#### WHAT YOU NEED TO DO
The full set of entries below, restated word for word and stripped of images, is the expected result.

START DATA FOR ANALYSIS

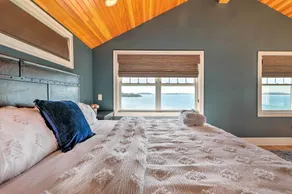 Waterfront Retreat w/ Deck ~ 7 Mi to Boston! - Rum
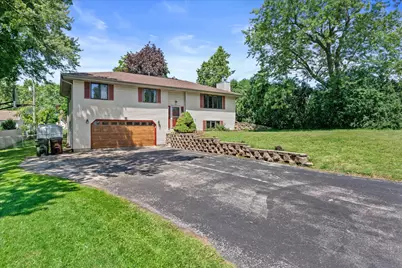 1415 S 167th St, New Berlin, WI 53151 - Photo 41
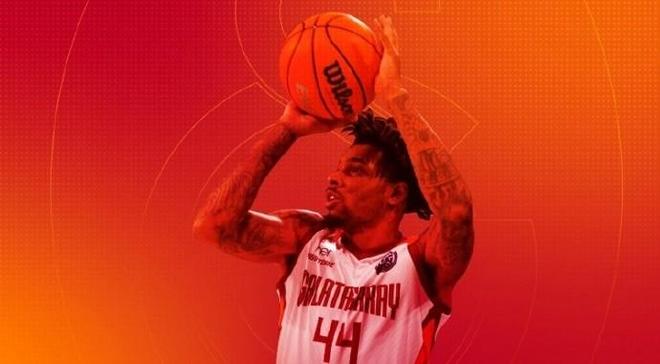 记者:山东男篮与前掘金前锋德沃恩-艾库恩-珀塞尔完成签约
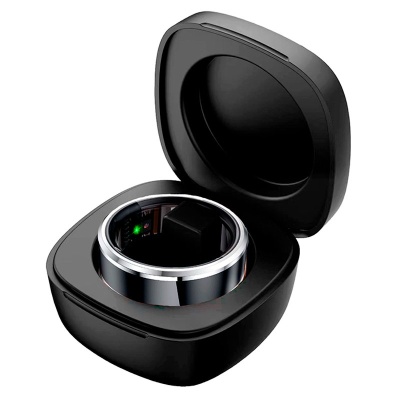 Anel prateado num estojo preto aberto com interior acolchoado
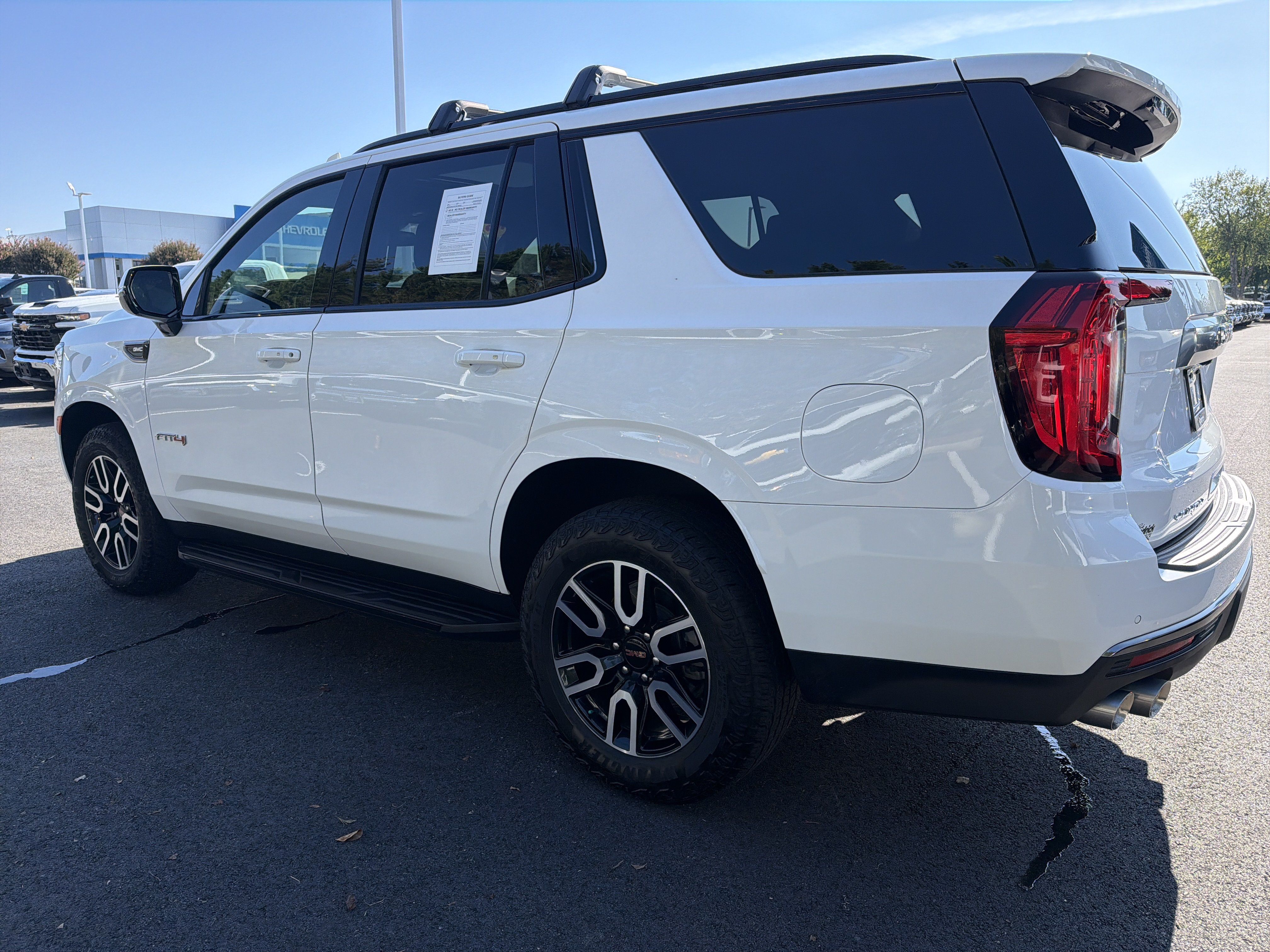 Used 2024 GMC Yukon AT4 AWD/4WD image 8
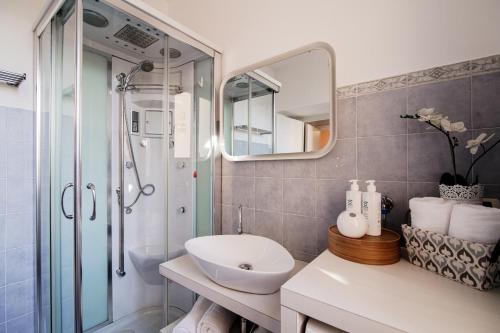 Domus - byMyHomeinComo - image 6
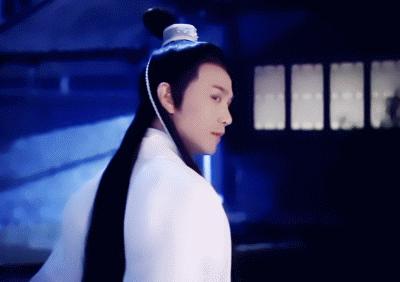 富家千金沦为打工者,富家公子堕落成乞丐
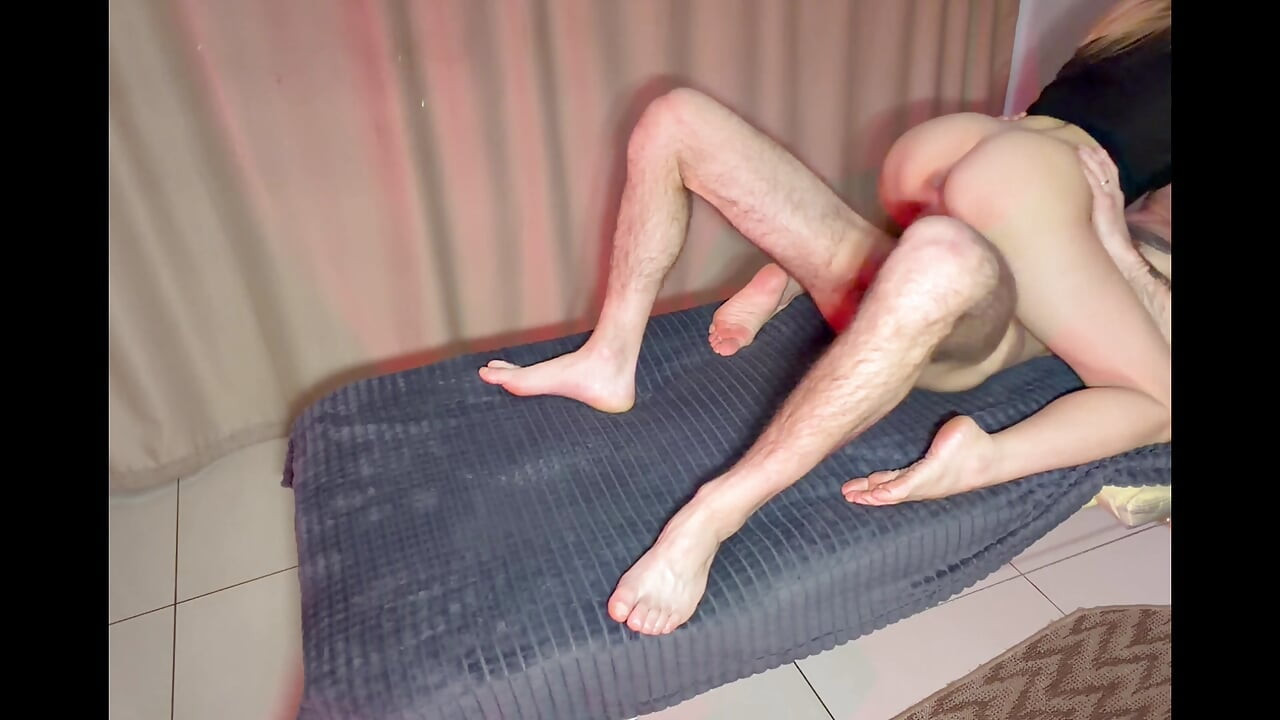 Il a pris dans la bouche du client et l’a baisé sur le canapé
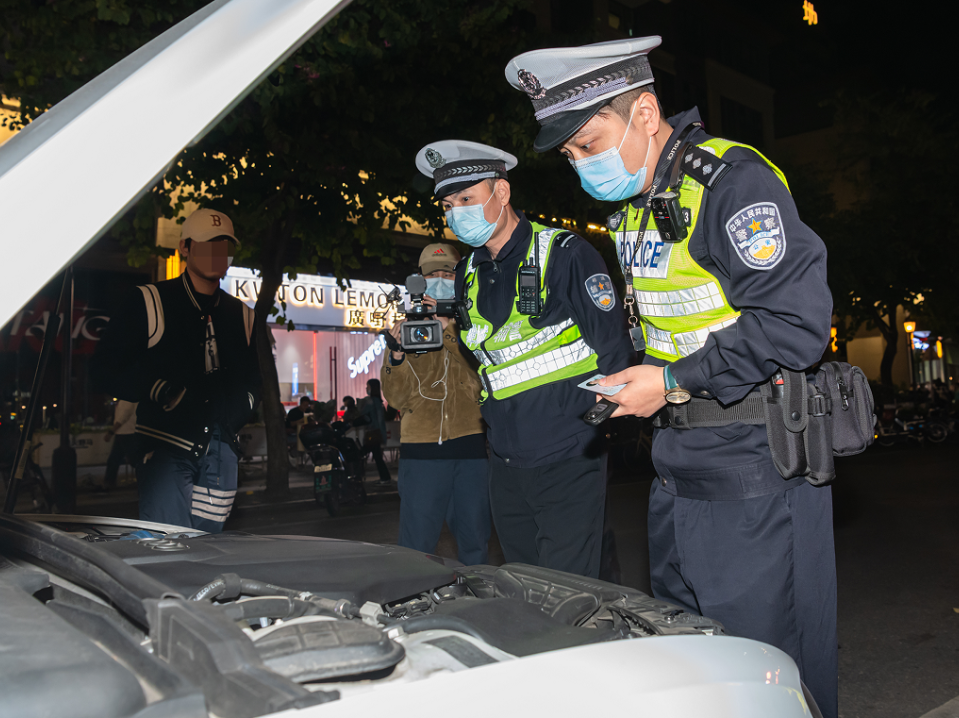 交警在查處非法改裝車。通訊員供圖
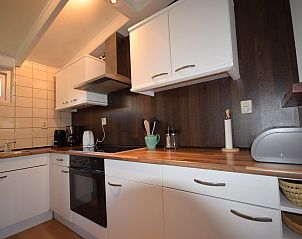 Moderne keuken in VZ2310 Vakantiebungalow in Oostkapelle, Walcheren, Zeeland.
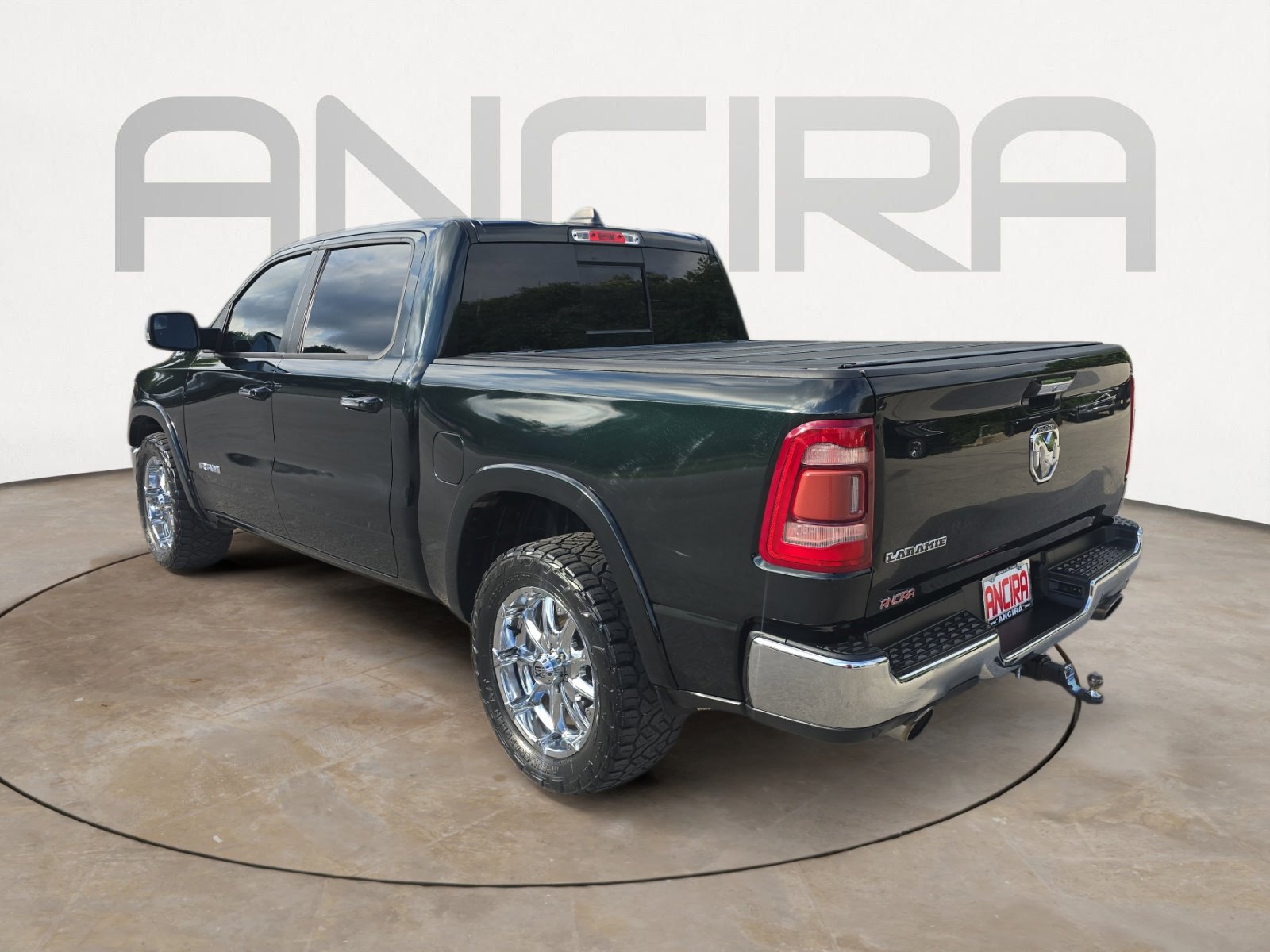 Used 2019 RAM 1500 Laramie RWD image 8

END DATA FOR ANALYSIS

#### TASK RESPONSE
 Waterfront Retreat w/ Deck ~ 7 Mi to Boston! - Rum
 1415 S 167th St, New Berlin, WI 53151 - Photo 41
 记者:山东男篮与前掘金前锋德沃恩-艾库恩-珀塞尔完成签约
 Anel prateado num estojo preto aberto com interior acolchoado
 Used 2024 GMC Yukon AT4 AWD/4WD image 8
 Domus - byMyHomeinComo - image 6
 富家千金沦为打工者,富家公子堕落成乞丐
 Il a pris dans la bouche du client et l’a baisé sur le canapé
 交警在查處非法改裝車。通訊員供圖
 Moderne keuken in VZ2310 Vakantiebungalow in Oostkapelle, Walcheren, Zeeland.
 Used 2019 RAM 1500 Laramie RWD image 8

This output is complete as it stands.